|Energy after Rio - Prospects and Challenges - Executive Summary (UNDP, 1997, 38 p.)|
|3. New Opportunities in Energy Demand, Supply and Systems|
The most important energy service today in many developing countries is cooking. Traditional fuels - fuelwood, crop residues and dung - are the main fuels used for cooking in rural areas of these countries. In many urban areas, charcoal and coal are also used. More than half of the worlds 2 billion poor people depend on these crude polluting fuels for their cooking and other heating needs.
more than half of the worlds 2 billion poor people depend on these crude polluting biomass fuels for their cooking and other heating needs
Higher incomes, and reliable access to fuel supplies, enable people to switch to modern stoves and cleaner fuels such as kerosene, LPG and electricity. This transition can be widely observed around the world in various cultural traditions. These technologies are preferred for their convenience, comfort, cleanliness, ease of operation, speed, efficiency and other attributes.

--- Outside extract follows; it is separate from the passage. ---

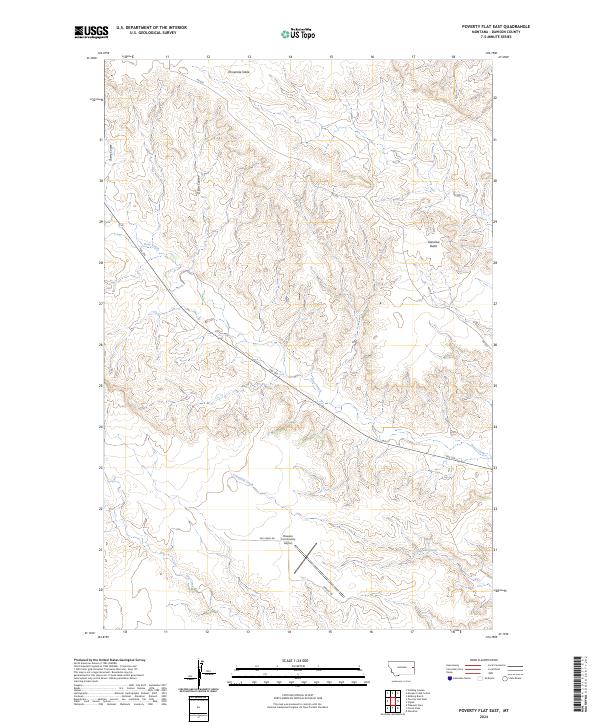 Poverty Flat East topographic map thumbnail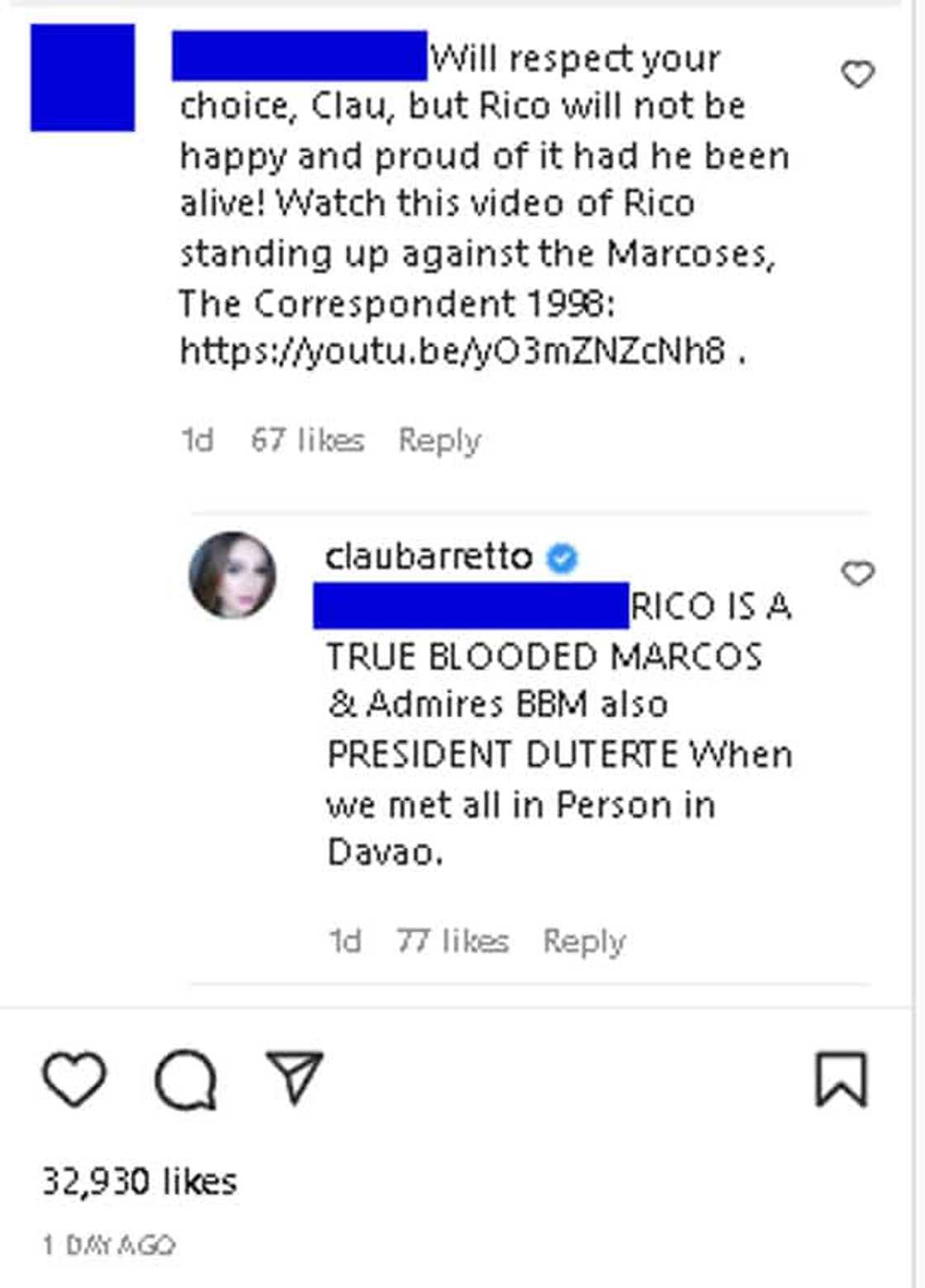 Noel Ferrer, pinabulaanang Marcos-supporter si Rico Yan: "Was with Rico at the EDSA People Power Anniversary" Noel Ferrer, pinabulaanang Marcos-supporter si Rico Yan: "Was with Rico at the EDSA People Power Anniversary"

The efficiency, cost and performance of stoves generally increase as consumers shift progressively from wood stoves to charcoal, kerosene, LPG or gas, and electric stoves.
There can be a substantial reduction in both operating costs and energy use in going from traditional stoves using commercially purchased fuelwood to improved biomass, gas or kerosene stoves. There are also opportunities to substitute high-performance biomass stoves for traditional ones or to substitute liquid or gas (fossil- or biomass-based) stoves for biomass stoves. Local variations in stove and fuel costs, availability, convenience and other attributes, and in consumer perceptions of stove performance, will then determine consumer choice.
In rural areas, biomass is likely to be the fuel for cooking for many years to come. Alternatively, particularly in urban areas, liquid- or gas-fueled stoves offer the consumer greater convenience and performance at a reasonable cost.
From a national perspective, public policy can help shift consumers toward the more economically and environmentally promising cooking technologies. In particular, improved biomass stoves are likely the most cost-effective option for the near- to mid-term, but require significant additional work to improve their performance.
In the long term, the transition to high quality liquid and gas fuels for cooking is inexorable. With this transition, substantial amounts of labour now expended to gather biomass fuels in rural areas could be freed; the time and attention needed to cook using biomass fuels could be substantially reduced; and household, local and regional air pollution from smoky biomass (or coal) fires could be largely eliminated. The use of biomass-derived liquid or gaseous fuels (e.g., ethanol, biogas, producer gas) for cooking and other advanced options are particularly relevant.